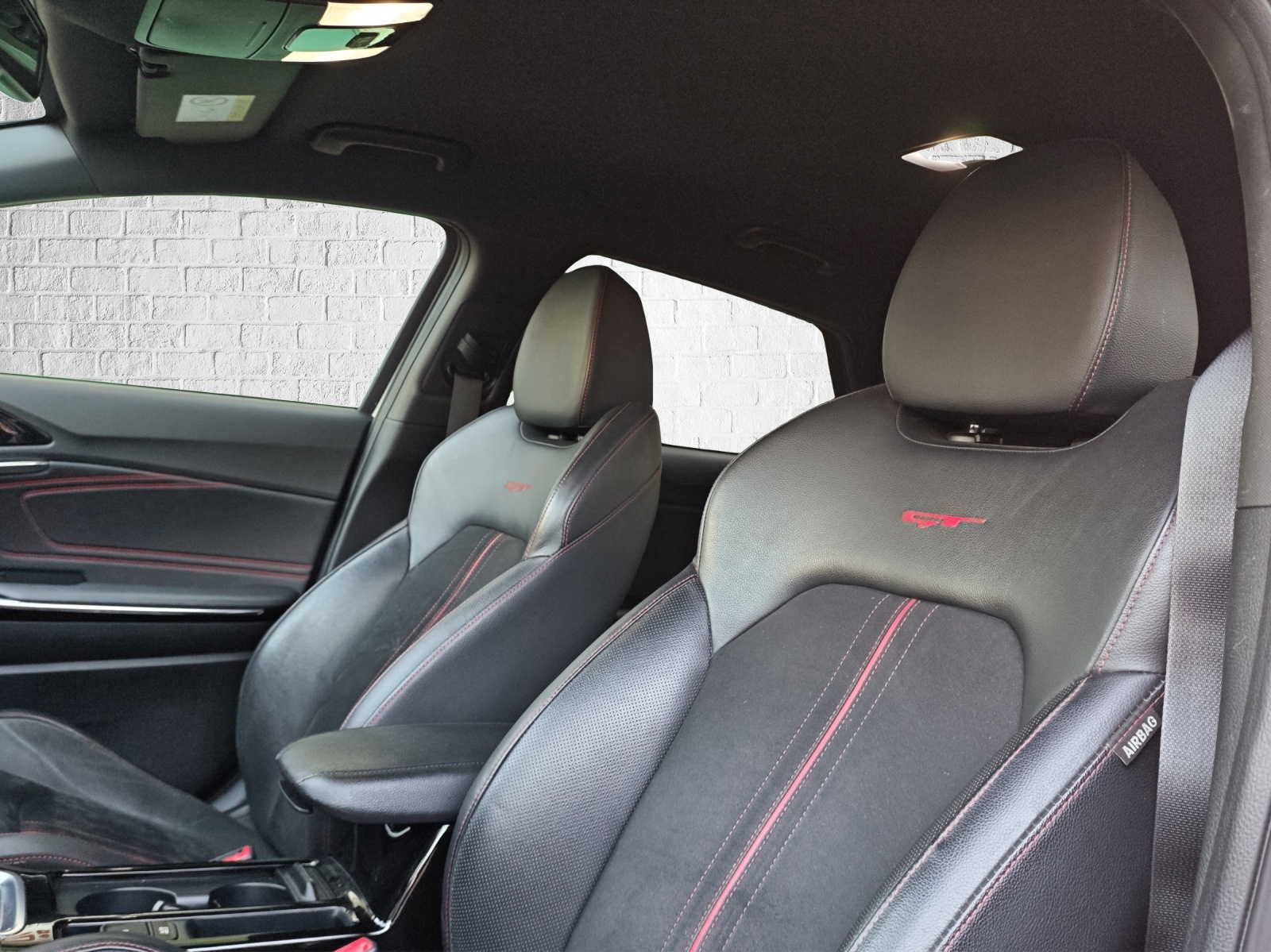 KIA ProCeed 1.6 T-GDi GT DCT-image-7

.....

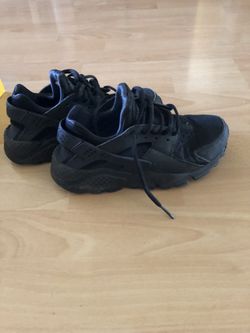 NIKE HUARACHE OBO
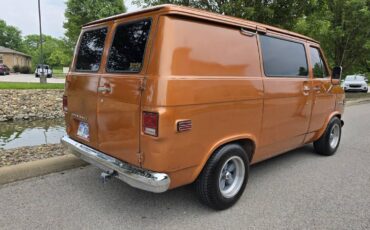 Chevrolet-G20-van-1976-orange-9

.....

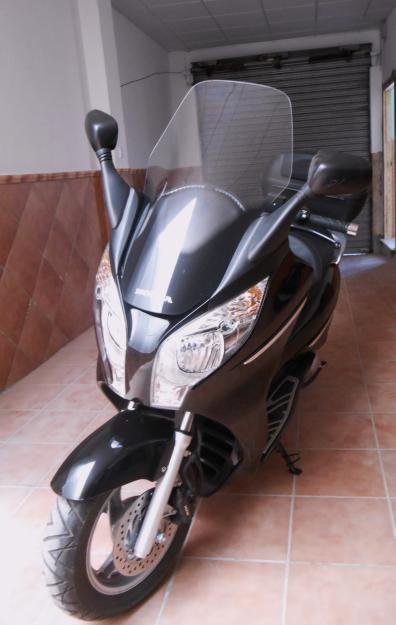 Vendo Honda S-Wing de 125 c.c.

.....

What are the lines in the records above, word for word, from the one containing "NIKE HUARACHE OBO" through the one containing "Chevrolet-G20-van-1976-orange-9", both ends included and pictures left out?

Task answer:
 NIKE HUARACHE OBO
 Chevrolet-G20-van-1976-orange-9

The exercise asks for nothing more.